Input material START

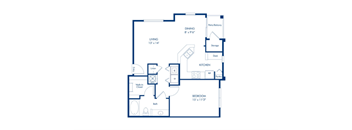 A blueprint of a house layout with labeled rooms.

Input material END
Input material START

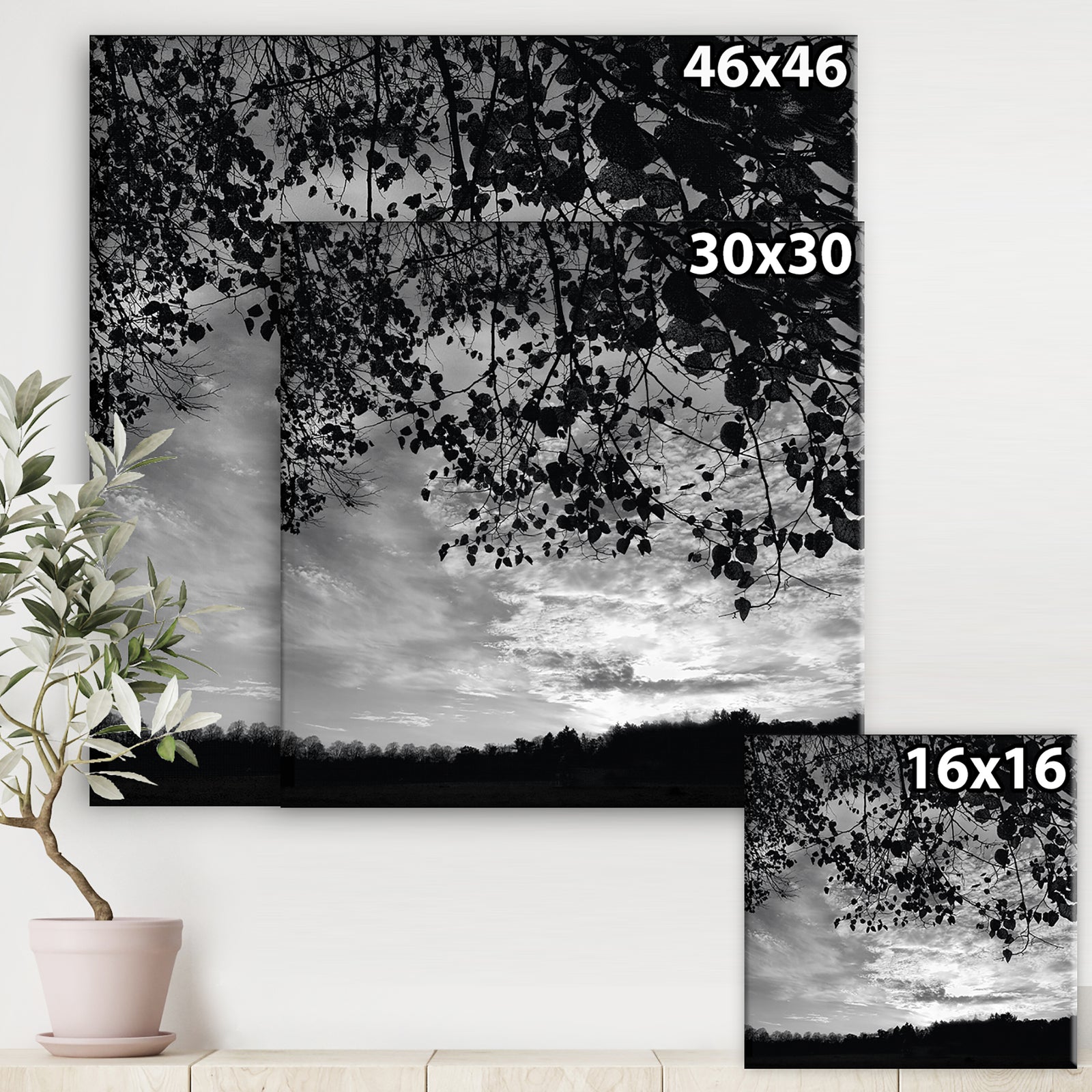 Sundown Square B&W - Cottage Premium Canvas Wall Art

Input material END
Input material START

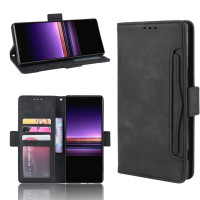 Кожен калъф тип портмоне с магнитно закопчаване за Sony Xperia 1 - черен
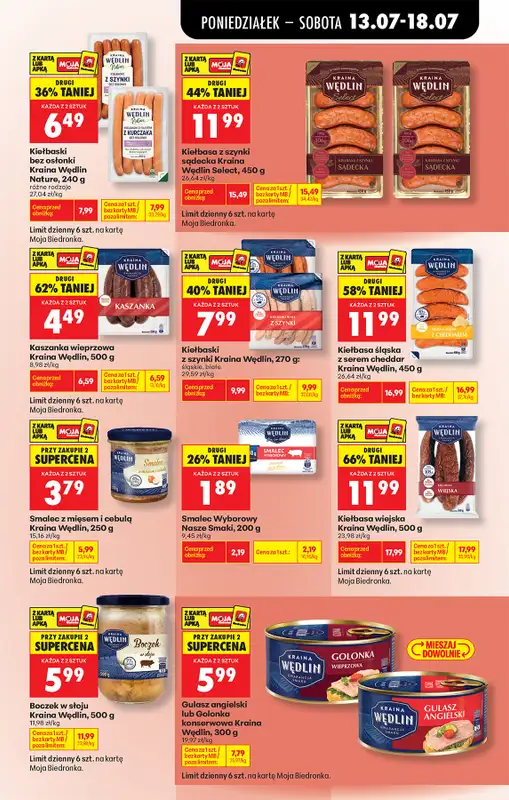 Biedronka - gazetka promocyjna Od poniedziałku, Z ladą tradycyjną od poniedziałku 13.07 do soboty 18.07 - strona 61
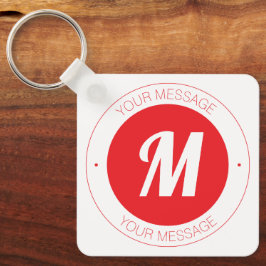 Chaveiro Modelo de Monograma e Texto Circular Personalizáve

Input material END

Exercise requirements
Transcribe exactly the lines above, beginning at the one with "Кожен калъф тип" and going up to and including the one with "Chaveiro Modelo de". Pictures do not belong in the copy.

Exercise output
 Кожен калъф тип портмоне с магнитно закопчаване за Sony Xperia 1 - черен
 Biedronka - gazetka promocyjna Od poniedziałku, Z ladą tradycyjną od poniedziałku 13.07 do soboty 18.07 - strona 61
 Chaveiro Modelo de Monograma e Texto Circular Personalizáve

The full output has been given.